British-born New Zealand skeleton racer

Iain Roberts (born 16 May 1979 in Lichfield) is a British-born, New Zealand skeleton racer, who has competed since 2003.

His international racing career continued from 2003 up to 2010 and included 57 international appearances, 7 podium placements, three World Championships and the 2010 Winter Olympic Games.

The high point of his career was during the 2008 Intercontinental Cup where he achieved multiple top 10 finishes, including podium positions alongside Olympic medallists from the 2006 Torino Olympics.

The IBSF records show that, at the Winterberg World Cup leading up to the Olympics, Iain Roberts achieved 6th position in training. A form he was able to later replicate in the St Moritz World Cup after the first competition run.

His best World Cup finish was in Königssee in January 2010 where he was placed 16th after the first run, only 0.05 seconds behind 14th place and completed the event in 18th position after the 2 combined runs.

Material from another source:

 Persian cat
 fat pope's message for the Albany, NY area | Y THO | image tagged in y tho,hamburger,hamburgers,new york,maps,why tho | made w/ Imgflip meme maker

Roberts' best finish at the FIBT World Championships was 20th in the men's event at Lake Placid in 2009.

He qualified for the 2010 Winter Olympics, but withdrew prior to the third run of the men's event due to a head injury from when he crashed at 146.7 km/h at the final curve in training. He was cleared to race on day 1, however due to concussion he was unable to compete on day 2 for the 3rd and 4th runs of the event.